For a long time the limiting parameter was assumed to be oil, and it may still be a driving economic force limiting expansion, but as detailed above, I suspect that water will be the limit for much of the current population growth, and likely one that such populations and governments are manifestly unprepared for.
That’s the figure I’ve heard given in The Population Bomb and other places. Admittedly, it seems a bit low, considering that we’ve got 6+ now, but when you figure that there’s barely a billion people with a First World lifestyle and the planet’s choking, it may not be all that unreasonable (give or take a few hundred million).

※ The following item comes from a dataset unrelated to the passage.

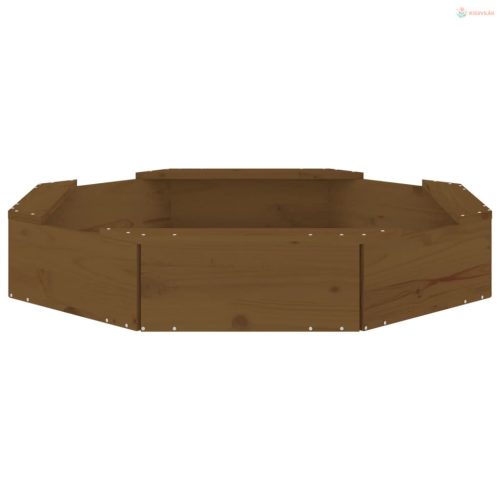 Mézbarna nyolcszög alakú tömör fenyőfa homokozó ülésekkel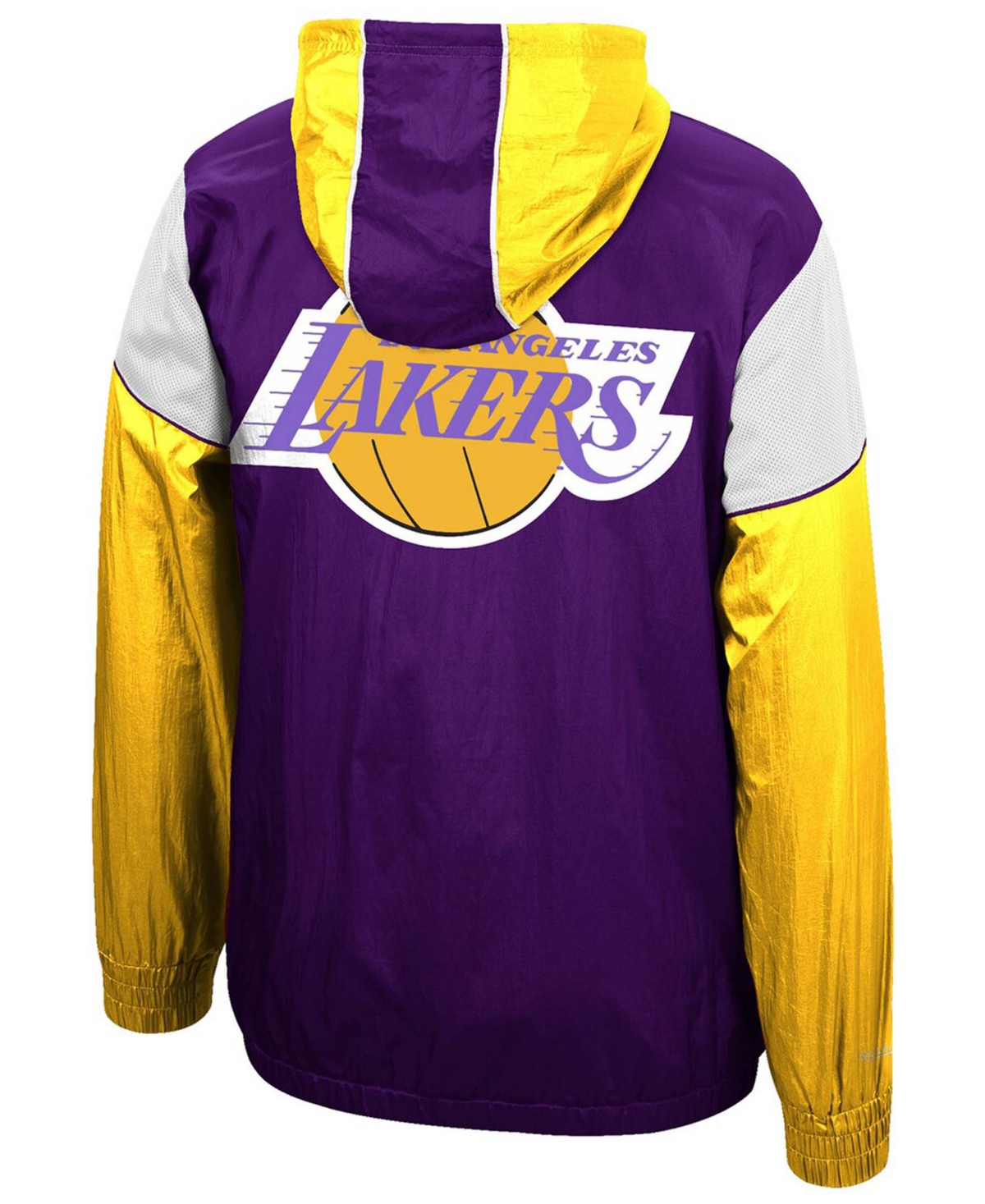 Mitchell & Ness Men's Purple, Gold Los Angeles Lakers Hardwood Classics Highlight Reel Windbreaker Half-zip Hoodie J In Purple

In addition to what Stranger has said as to the total population we can sustain, there’s the problem that we don’t really have sustainable technology, yet. And who knows when that will happen? Even if it’s developed tomorrow, it’s going take a long time to filter out to everyone.
Almost every other claim in The Population Bomb was wrong, so why should that one be right? It’s strange how that book gets such a blind pass when it was a book of very specific predictions that all turned out to be wrong. I would always have assumed that if you wrote a big famous book full of predictions of what would happen in the next twenty years, and they twenty years passed and none of your predictions was correct, people would laugh at you. And yet people still take that book seriously.
Now, if you want to talk about “the population bomb” in the generic sense of a population problem, that’s one thing, but it was well established a long time ago that the book of that name by entomologist Paul Ehrlich is almost universally wrong in its specific claims and predictions.
Attempts to predict the future are almost always wrong, and the likelihood of their being wrong gets closer to 100% in proportion to 1. The length of time necessary for the prediction to come true increases and 2. the complexity of the issue the prediction concerns.
Thank you! About time someone mentioned that. An interesting side note is that while people keep bringing up The Population Bomb no one seems to bring up Julian Simon. I have never quite figured out why the guy who has been proven to be wrong keeps getting cited yet the guy who was right is ignored.
Of course, Simon was only right about the price of copper in the short term. The price has skyrocketed and thefts of copper are becoming increasingly common.
According to the article, copper hit a high of 27.2 cents per pound in 1916.
According to this inflation calculator, 27.2 cents in 1916 is equivalent to approximately $5.50 today.
Of course the price in 1916 was likely affected by World War I. But still, it’s clear that there are always short term swings in the price of commodities. Just because copper has been expensive lately doesn’t mean that Julian Simon was wrong.